Records provided START

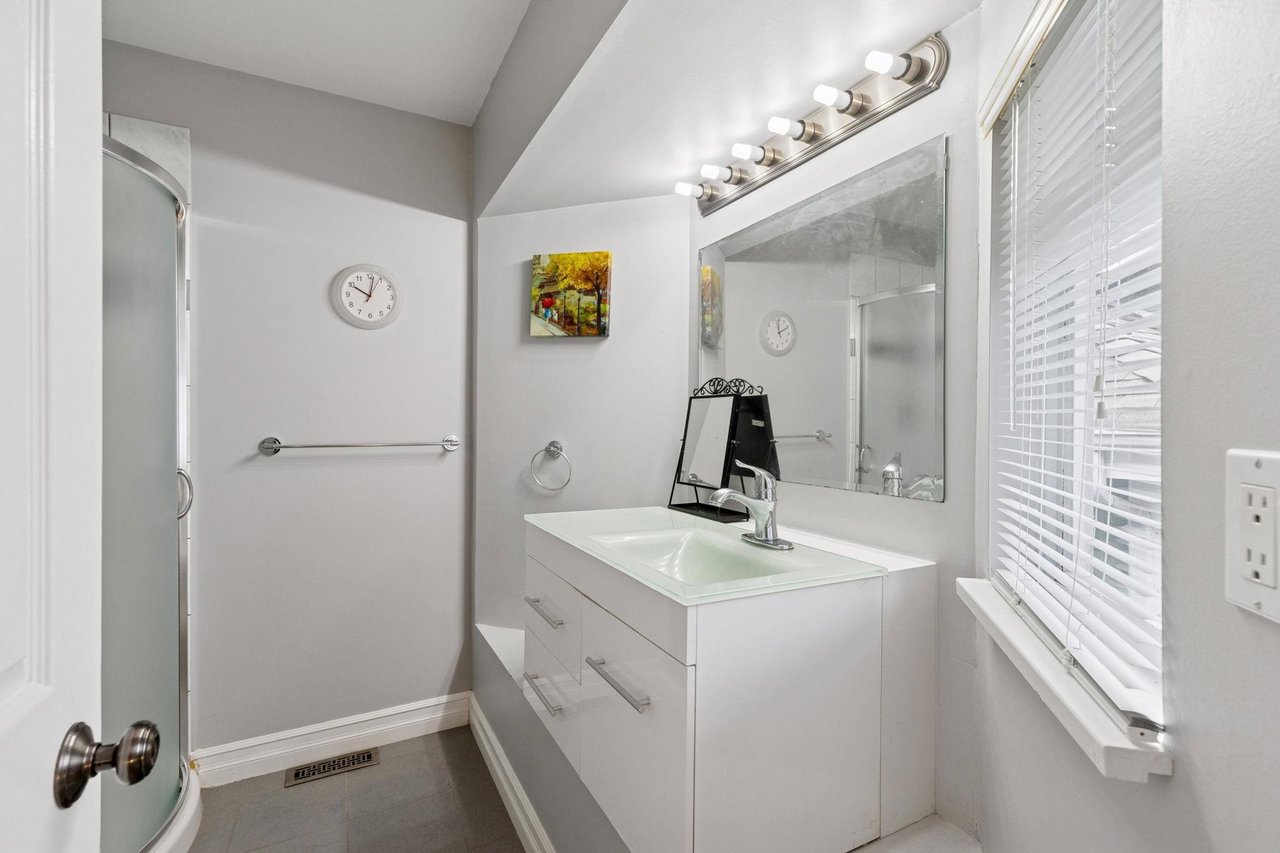 39-1140 Falcon Dr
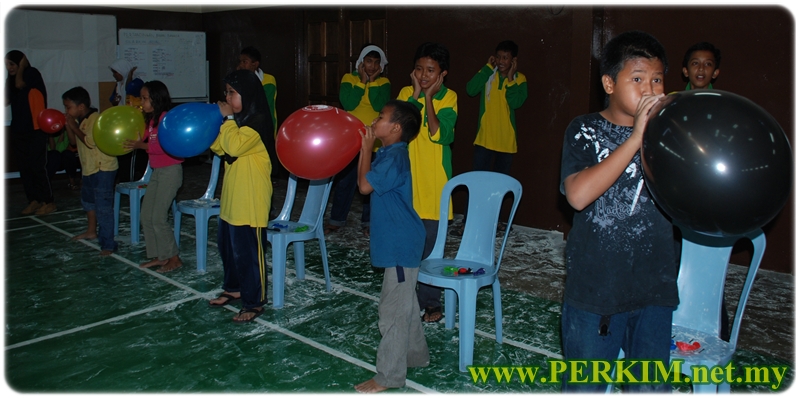 Aktiviti sukaneka meniup belon sampai pecah kepada peringkat sekolah rendah.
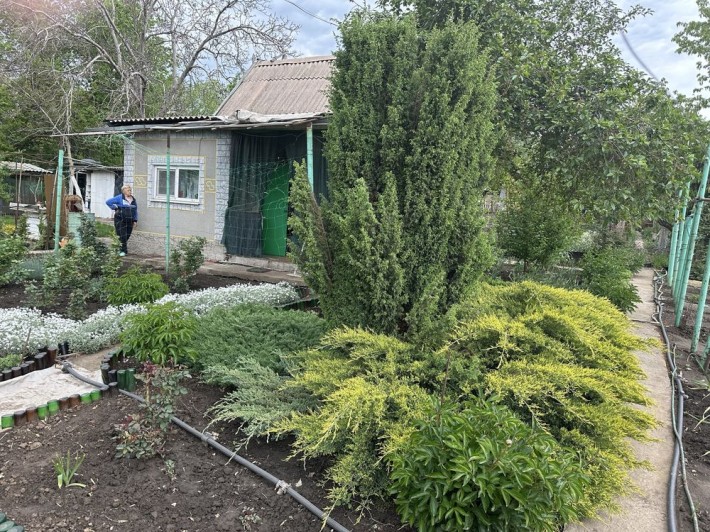Продається дача землі 10 соток є вода питна та технична для поливу. - фото 1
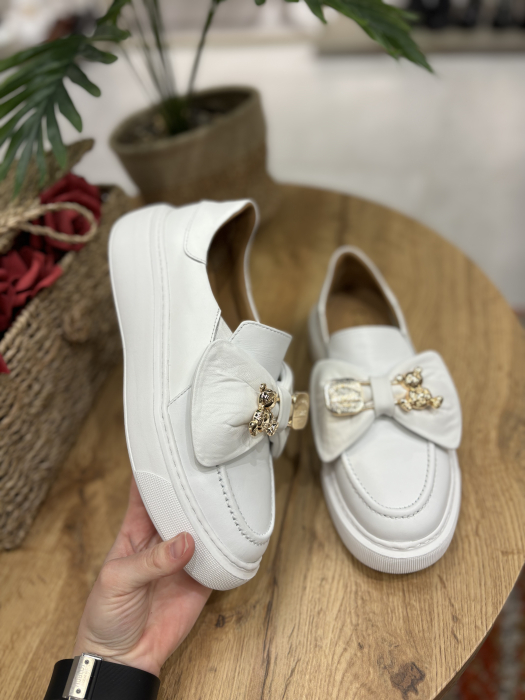 Mocasini albi din piele cu funda [3]
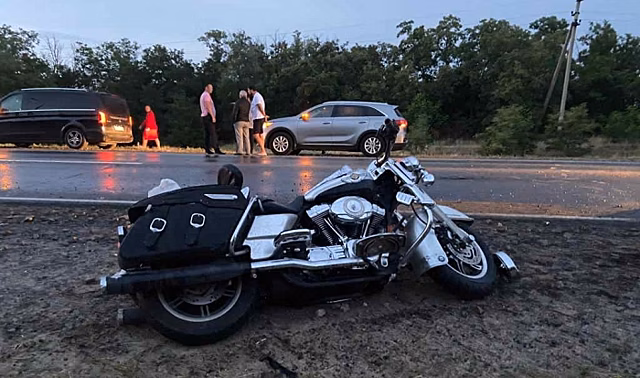 Пара из Волгограда разбилась на мотоцикле Harley-Davidson, возвращаясь с моря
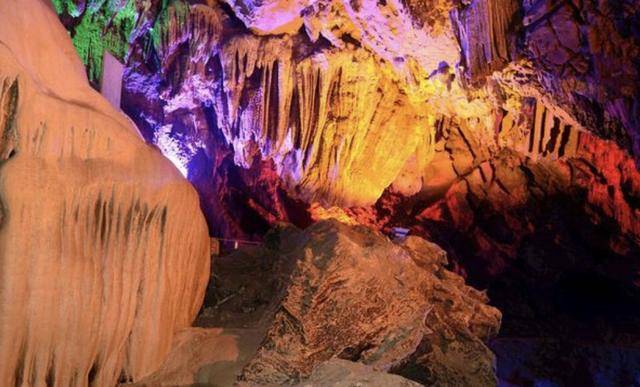 万州有个神秘洞穴  里面藏着“神州第一柱”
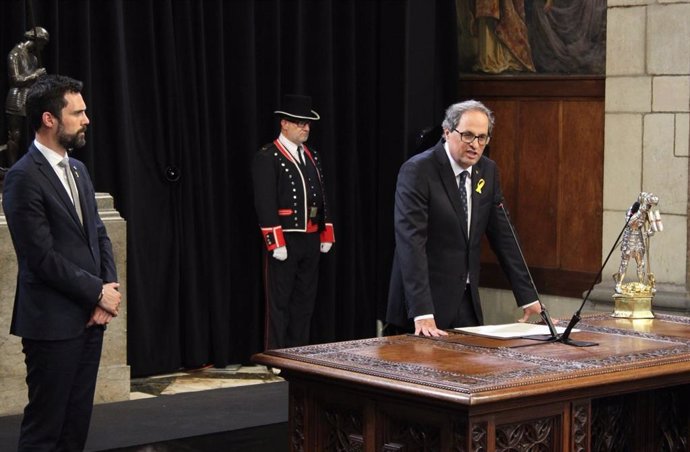El president del Parlament, Roger Torrent, i el president de la Generalitat, Quim Torra, en una imatge d'arxiu.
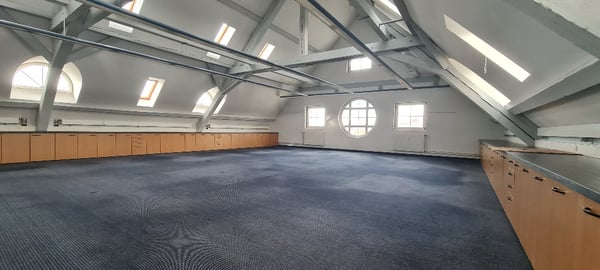 ca. 180 m1 Büroräume im 6. OG 2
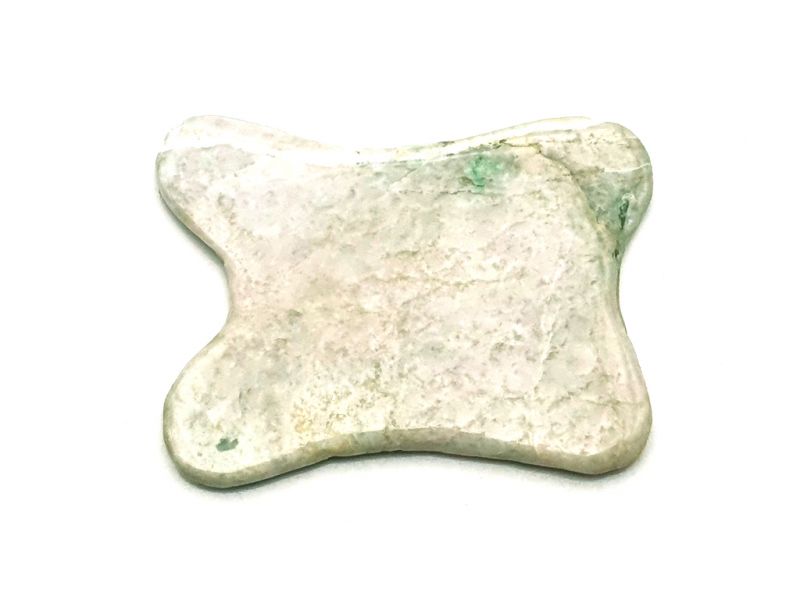 Medicina Tradicional China - Gua Sha cóncavo en Jade - Verde claro con una mancha verde 1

Records provided END

The problem. Without any of its images, the data above should be returned exactly.

Response below.
 39-1140 Falcon Dr
 Aktiviti sukaneka meniup belon sampai pecah kepada peringkat sekolah rendah.
Продається дача землі 10 соток є вода питна та технична для поливу. - фото 1
 Mocasini albi din piele cu funda [3]
 Пара из Волгограда разбилась на мотоцикле Harley-Davidson, возвращаясь с моря
 万州有个神秘洞穴  里面藏着“神州第一柱”
El president del Parlament, Roger Torrent, i el president de la Generalitat, Quim Torra, en una imatge d'arxiu.
 ca. 180 m1 Büroräume im 6. OG 2
 Medicina Tradicional China - Gua Sha cóncavo en Jade - Verde claro con una mancha verde 1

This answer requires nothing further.